Osmanlı âlimlerinin büyüklerinden. İsmi, Muhammed bin Kutbüddîn Muhammed bin Muhammed bin Kâdızâde-i Rûmî, lâkabı Muhyiddîn’dir. On beşinci asrın ortalarında vefât eden meşhur Osmanlı âlimlerinden Kâdızâde-i Rûmî diye bilinen Mûsâ bin Muhammed’in torunu olan Kutbüddîn Muhammed’in oğludur. Büyük dedesine nisbetle Kâdızâde-i Rûmî diye meşhur oldu. Ayrıca; Mîrim Kösesi ve Kutbüddînzâde isimleriyle de tanındı. Kaynaklarda doğum târihi bulunamayan Kâdızâde, 1550 (H.957) de vefât etti.
Baba ve dedeleri âlim ve fâdıl kimseler olan Kâdızâde, anne tarafından da asîl bir âileye mensuptur. Annesi, meşhur âlim Hocazâde’nin kerîmesi (kızı) olup, babaannesi de, büyük kelâm ve astronomi âlimi Ali Kuşçu’nun kerîmesiydi.

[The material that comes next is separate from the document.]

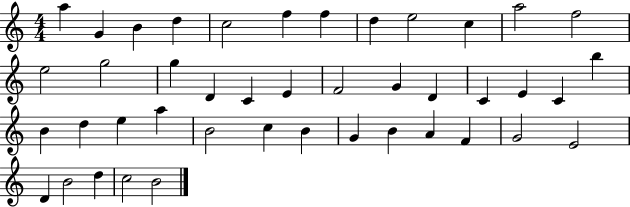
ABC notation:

Muzafferüddîn-i Acemî, Mevlânâ Koçavî, Yâkub bin Seyyid Ali, Mevlânâ Müeyyedzâde gibi zamânının meşhûr, büyük âlimlerinden ilim öğrenerek yetişti. Bu büyük âlimlerin huzûr ve hizmetlerinde bulunmakla, ilmî bakımdan yükseldiği gibi, güzel hasletleri de kendisinde topladı. Böylece zâhirî, bâtınî kemâlâta, yüksek olgunluklara ve mânevî derecelere kavuştu.
İlim tahsilini tamamladıktan sonra, ilk olarak, Bursa Veliyyüddînzâde Ahmed Paşa Medresesine müderris oldu. Daha sonra İstanbul’da Atik Ali ve Hacı Hasanzâde; İznik’te İznik; Edirne’de Dâr-ül-hadîs; Bursa’da Murâdiye ve Bâyezîd Han medreselerinde müderrislik yaptı. Adı geçen medreselerde uzun müddet hizmet edip, çok talebe yetiştirdi. Talebeler, onun anlattıkları ince bilgilerden, yüksek ilimlerden ve akıcı lisânından çok istifâde edip, âlim oldular.
Müderrislikten sonra kâdılık vazîfesine geçen Kâdızâde, Haleb ve Edirne kâdılıklarında bulundu. 1538’de saltanat merkezi olan İstanbul’a kâdı, daha sonra da Anadolu kazaskeri oldu. Bir müddet sonra bu vazîfeden alınıp, tekrar İstanbul’da bulunan Sahn-ı Semân Medreselerinden birine müderris yapıldı. Kısa bir müddet buradaki vazîfeye devâm dan sonra hac niyetiyle yola çıktı. Hac vazîfelerini edâ edip, tekrar İstanbul’a döndü ve emekliye ayrıldı.
İlim sâhibi ve ilmi ile amel eden âlimlerin büyüklerinden olan Kâdızâde-i Rûmî Muhyiddîn Efendi, dînimizin emirlerine hassâsiyetle bağlıydı. Haram ve şüphelilerden çok sakınırdı. Edebi, aklı ve zekâsı fevkalâdeydi. Şuûr ve idrâki kuvvetli, basîret sâhibi ve asîl bir zâttı. Gece gündüz devamlı ilim öğrenmekle meşguldü. Kıymetli meclisinde her mahlûku hayır ile yâd eder, hiçbir şeyi kötülümezdi. Hayâ ve edebini hiç bir zaman terk etmezdi. Temkin, ihtiyat, vakar ve heybet sâhibiydi. Bütün fazîletleri kendisinde toplamıştı. Tasavvuf yolunda yüksek derece sâhibi olup, bu yolda bulunanlara da çok muhabbet ederdi. Kendisi umûmiyetle insanlardan uzak durur, kendi hâliyle meşgûl olurdu. Allahü teâlânın muhabbetiyle yanan, keşf ve kerâmet sâhibi bir zâttı.
Kâdızâde-i Rûmî, amcası olan Mîrim Çelebi’nin yanında yetiştiği için, Mîrim Kösesi diye meşhur olmuştur. Böylece, hey’et (astronomi) ve hendese (geometri) gibi aklî ilimlerde de ilerledi. Hey’et ilmine dâir bir risâle, ayrıca Kâfiye isimli nahiv kitabına bir hâşiye yazdı. İstanbul’da bir mescit ve bir mektep yaptırdığı bilinmektedir.